### Data excerpts:
━━━

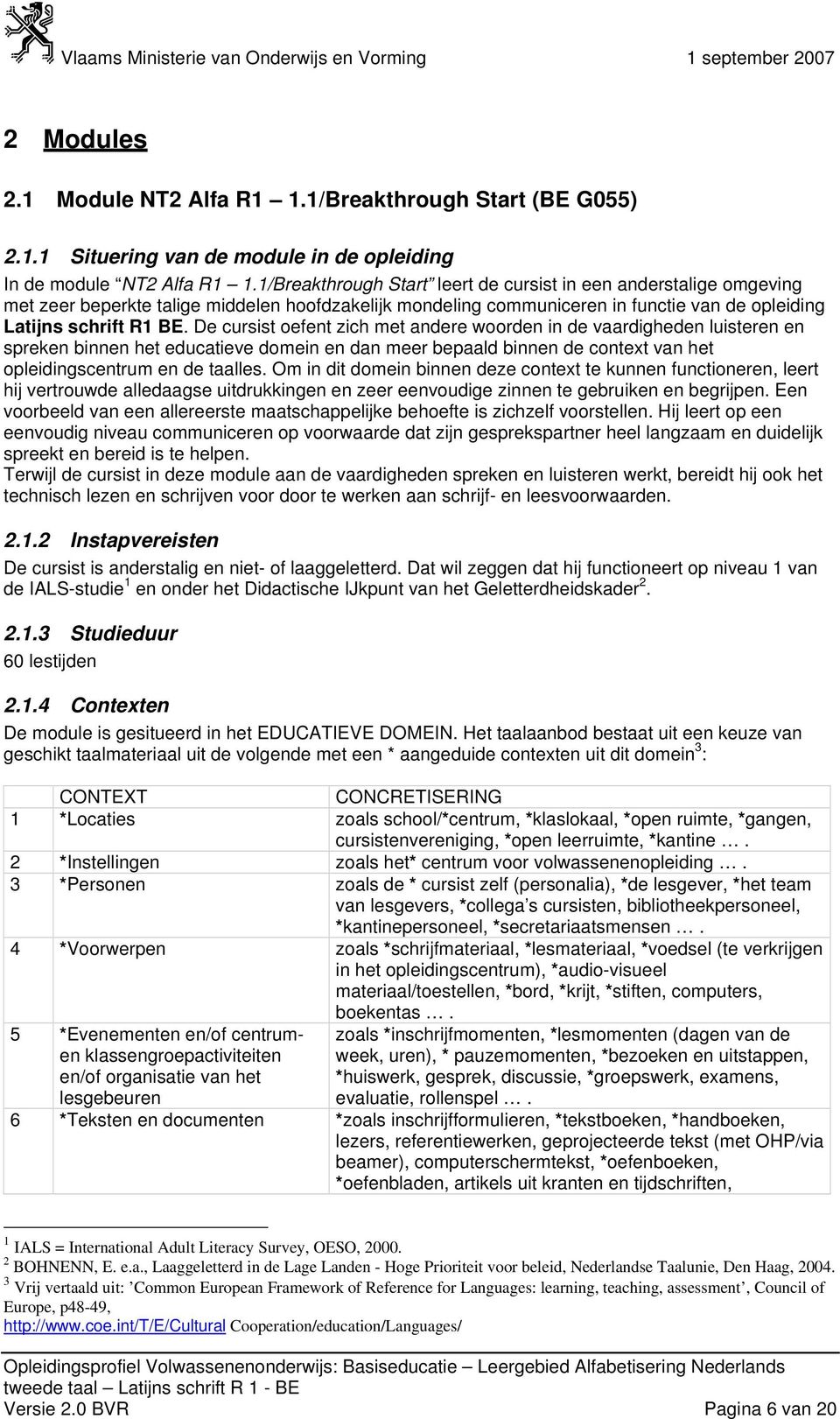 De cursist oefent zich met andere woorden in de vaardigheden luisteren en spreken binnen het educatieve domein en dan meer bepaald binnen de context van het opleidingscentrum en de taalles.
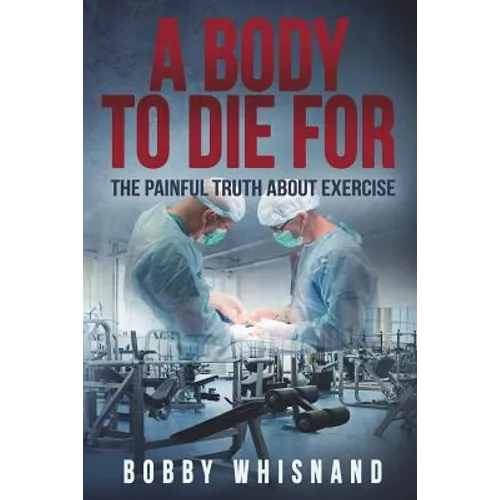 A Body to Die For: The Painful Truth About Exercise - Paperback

━━━

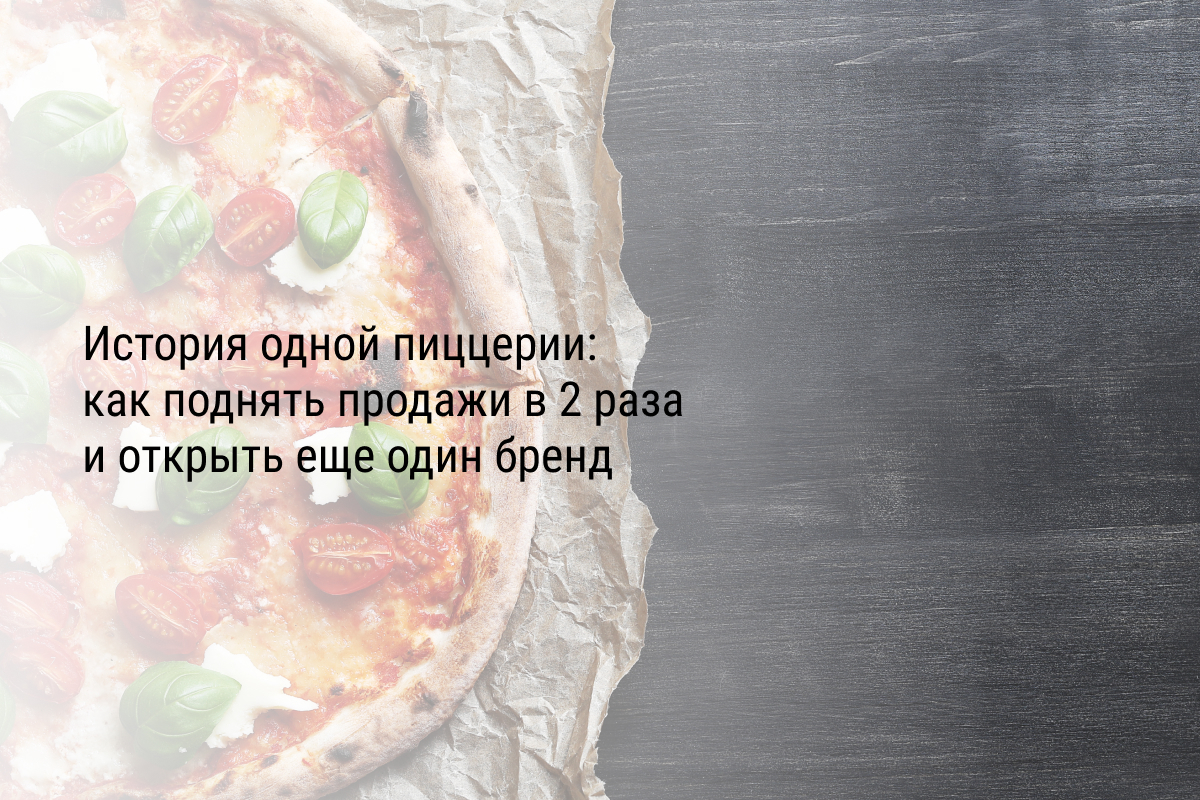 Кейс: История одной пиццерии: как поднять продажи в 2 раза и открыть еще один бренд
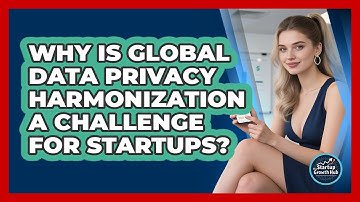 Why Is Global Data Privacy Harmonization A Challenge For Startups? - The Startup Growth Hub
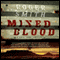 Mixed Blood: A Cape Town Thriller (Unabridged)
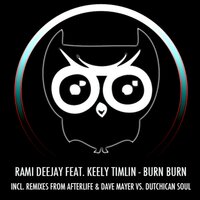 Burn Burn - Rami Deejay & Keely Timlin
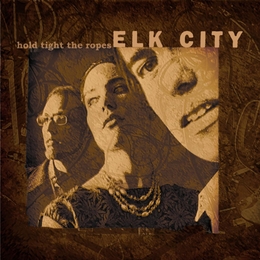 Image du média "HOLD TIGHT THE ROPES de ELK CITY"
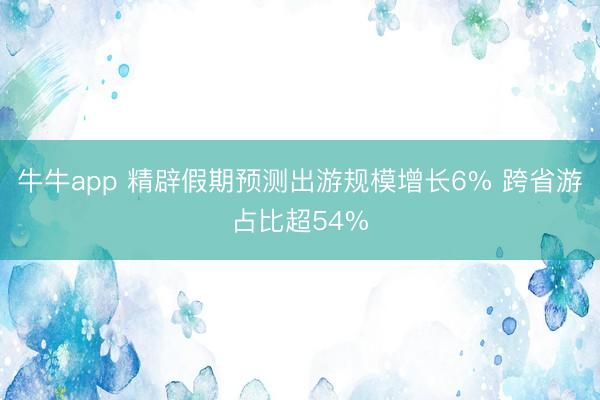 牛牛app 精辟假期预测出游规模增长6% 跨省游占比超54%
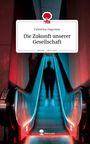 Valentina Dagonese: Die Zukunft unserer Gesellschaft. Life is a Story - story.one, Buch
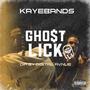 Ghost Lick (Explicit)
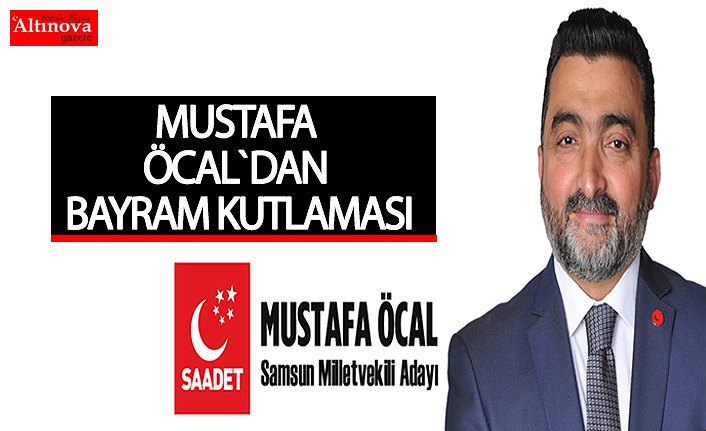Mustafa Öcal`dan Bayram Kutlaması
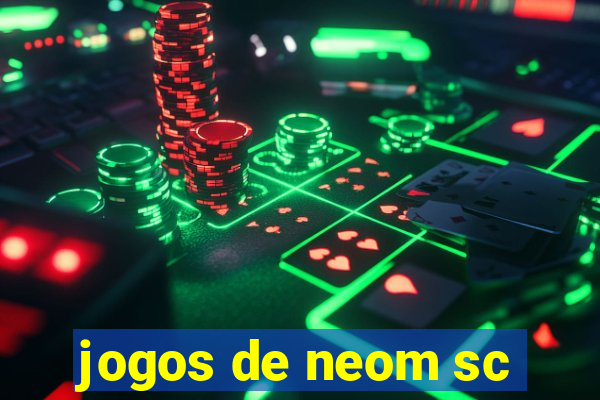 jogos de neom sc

━━━

### What to do:
When copying from the data above, print only the lines from the line containing "De cursist oefent" to the line containing "A Body to Die", exactly, and leave the pictures out.

### Solution below:
 De cursist oefent zich met andere woorden in de vaardigheden luisteren en spreken binnen het educatieve domein en dan meer bepaald binnen de context van het opleidingscentrum en de taalles.
 A Body to Die For: The Painful Truth About Exercise - Paperback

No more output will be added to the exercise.